» **Description of the task**
Give again, word for word, the lines below that run from the line with "Wedding Guest Book" through the line with "Collar con colgante". Drop the pictures.

Segment Start: Material for this exercise

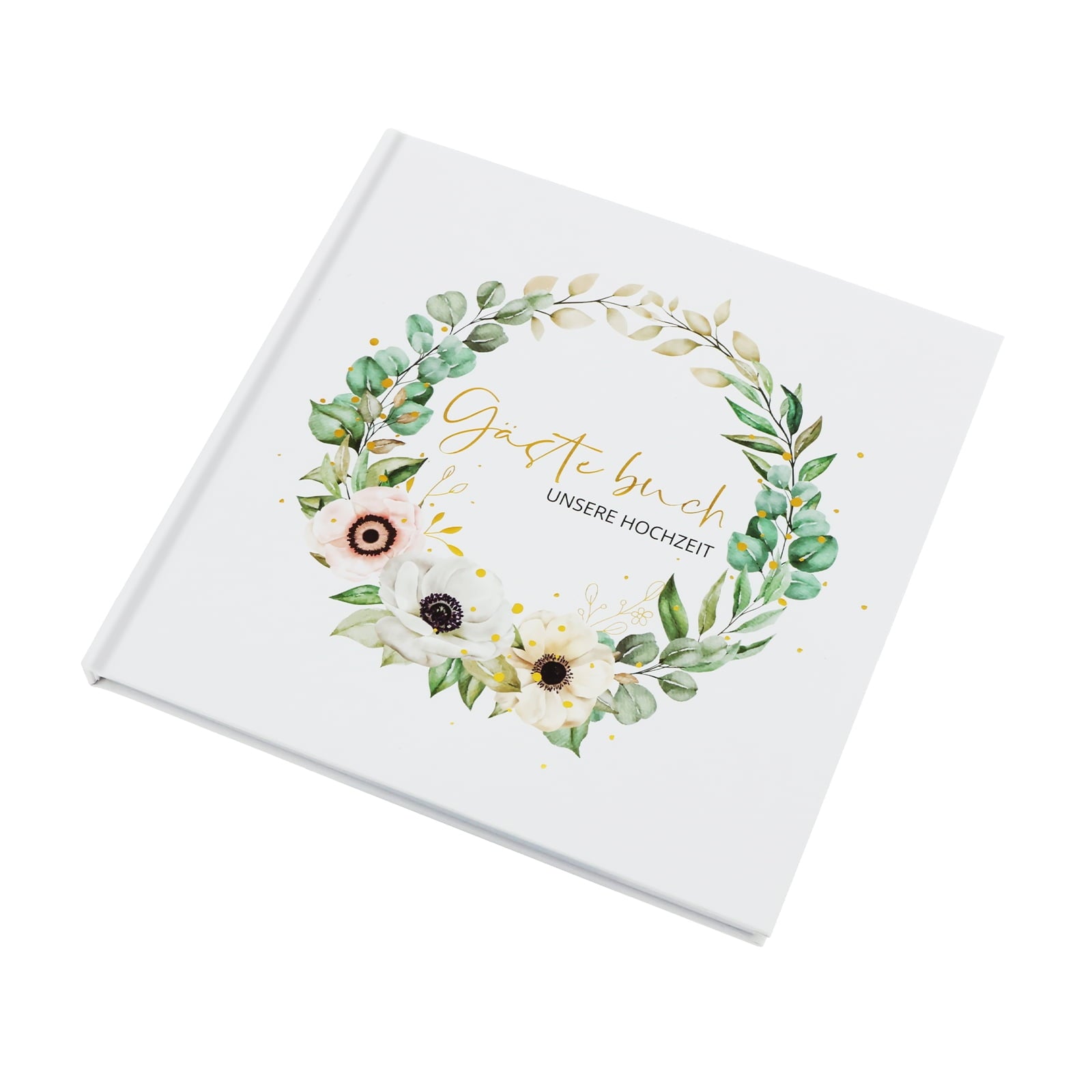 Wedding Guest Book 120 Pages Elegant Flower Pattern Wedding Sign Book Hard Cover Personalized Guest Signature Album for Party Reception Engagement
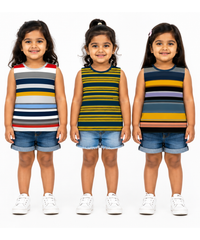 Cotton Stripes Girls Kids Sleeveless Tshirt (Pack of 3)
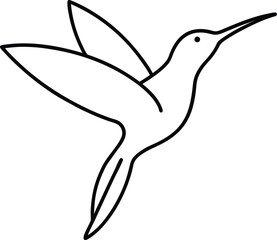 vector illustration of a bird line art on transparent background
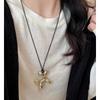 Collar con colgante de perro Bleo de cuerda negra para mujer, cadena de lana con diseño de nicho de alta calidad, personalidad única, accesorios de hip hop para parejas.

Segment End: Material for this exercise
Segment Start: Material for this exercise

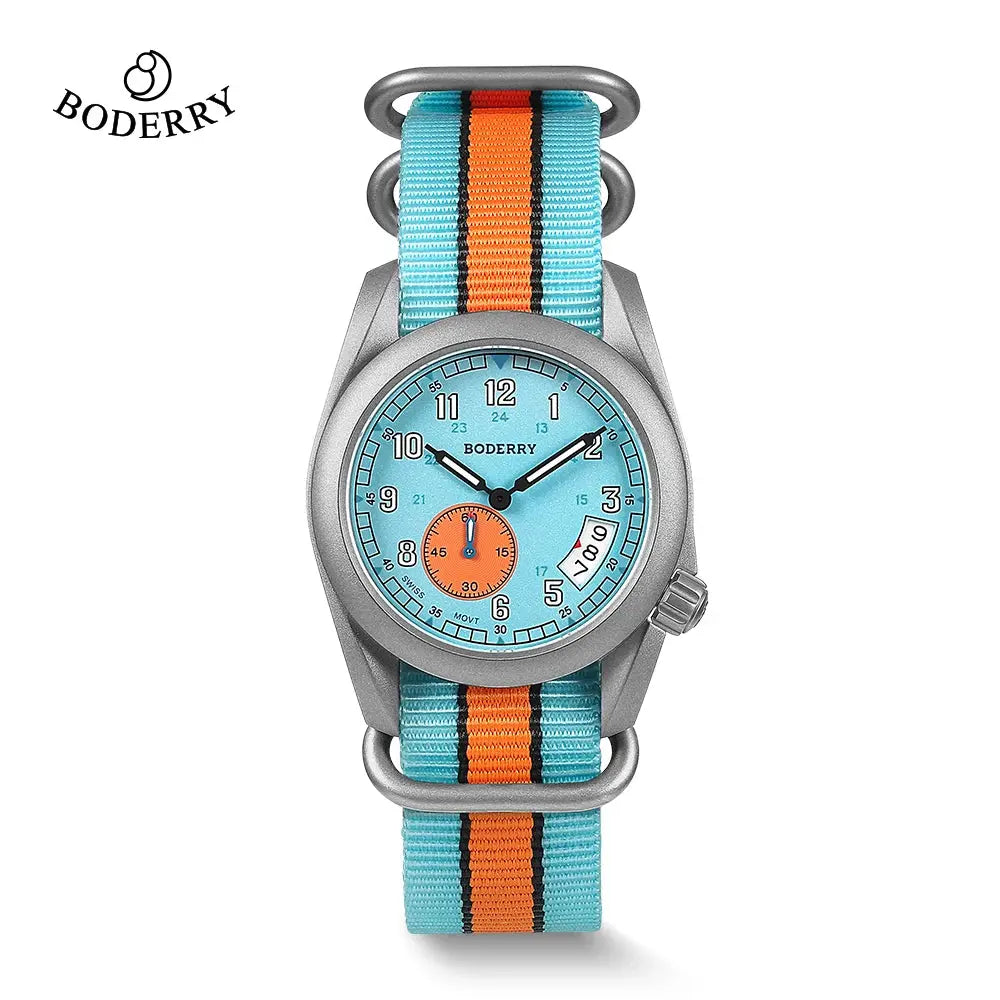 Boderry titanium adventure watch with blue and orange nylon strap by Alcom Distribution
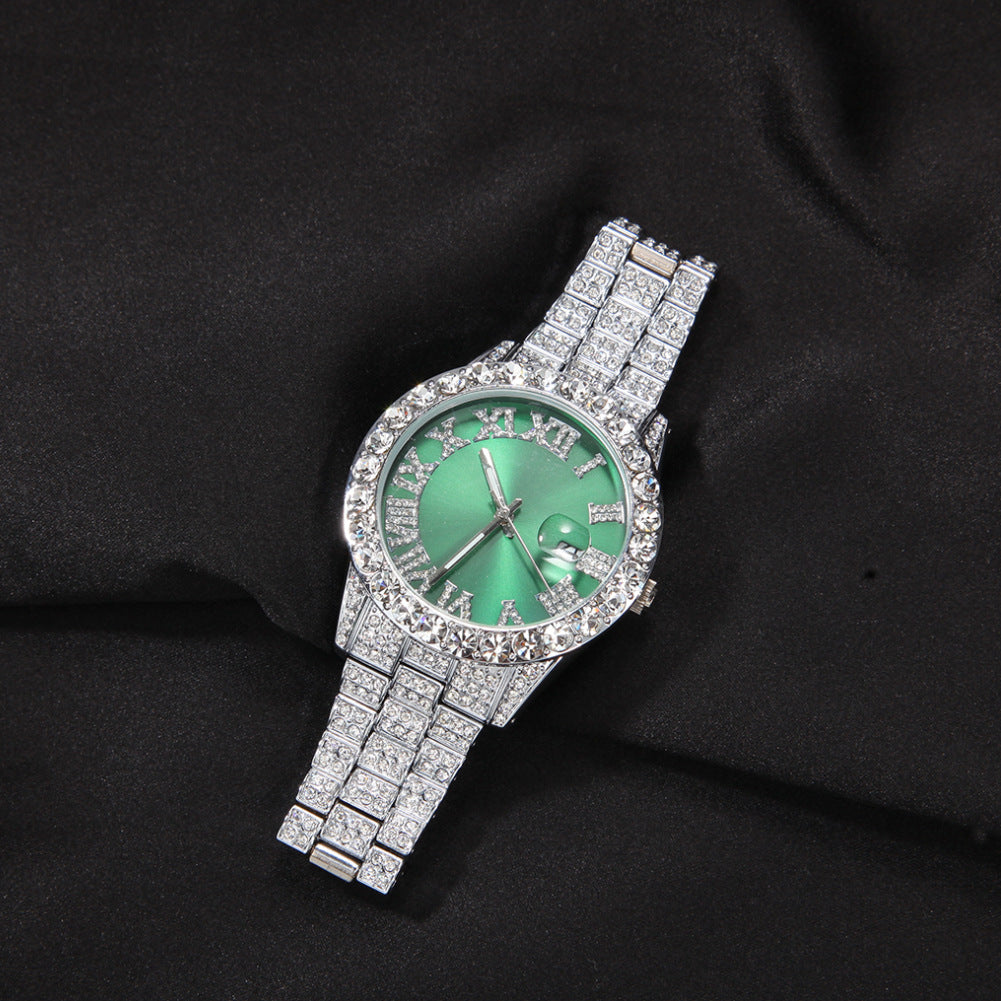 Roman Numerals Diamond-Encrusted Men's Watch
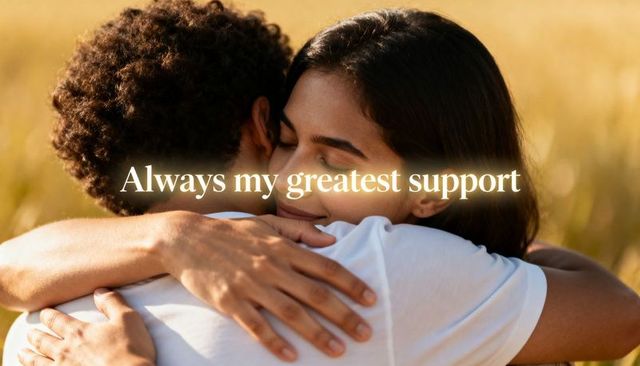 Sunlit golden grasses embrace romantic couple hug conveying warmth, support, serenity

Segment End: Material for this exercise
Segment Start: Material for this exercise

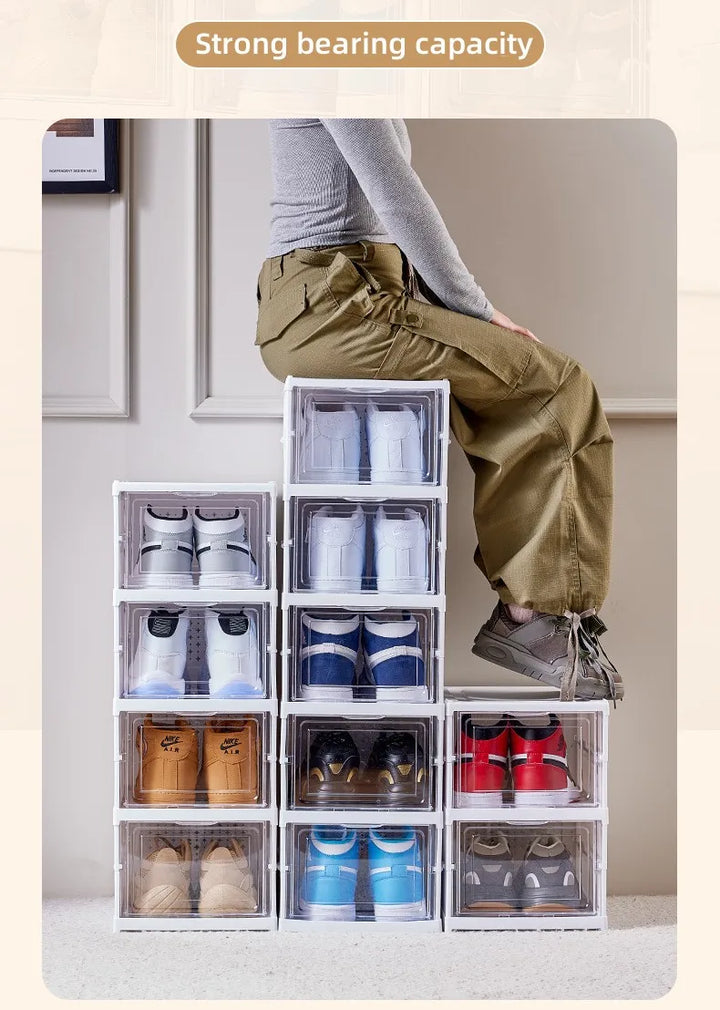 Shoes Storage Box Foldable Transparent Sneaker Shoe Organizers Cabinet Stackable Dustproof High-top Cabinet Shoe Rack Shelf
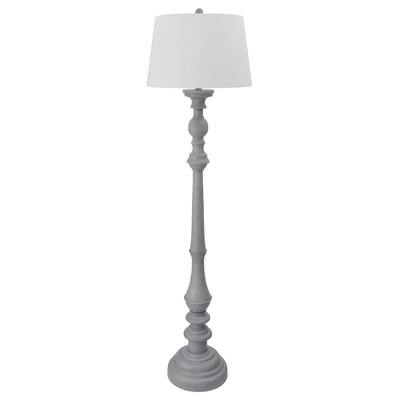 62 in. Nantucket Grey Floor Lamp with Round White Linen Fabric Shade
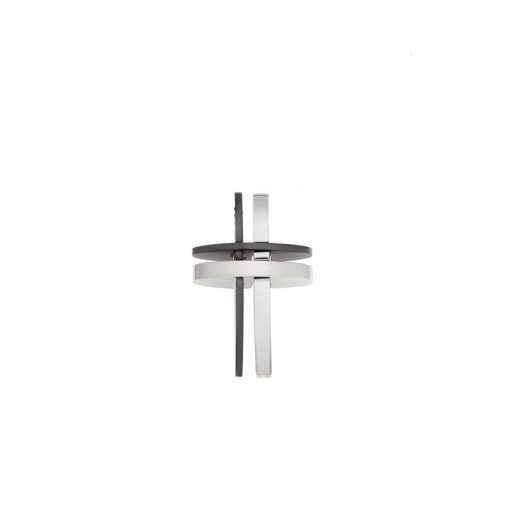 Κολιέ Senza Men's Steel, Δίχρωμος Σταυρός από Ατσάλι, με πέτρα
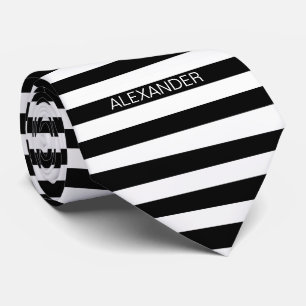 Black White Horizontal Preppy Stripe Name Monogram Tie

Segment End: Material for this exercise

» **Written reply**
 Wedding Guest Book 120 Pages Elegant Flower Pattern Wedding Sign Book Hard Cover Personalized Guest Signature Album for Party Reception Engagement
 Cotton Stripes Girls Kids Sleeveless Tshirt (Pack of 3)
 vector illustration of a bird line art on transparent background
 Collar con colgante de perro Bleo de cuerda negra para mujer, cadena de lana con diseño de nicho de alta calidad, personalidad única, accesorios de hip hop para parejas.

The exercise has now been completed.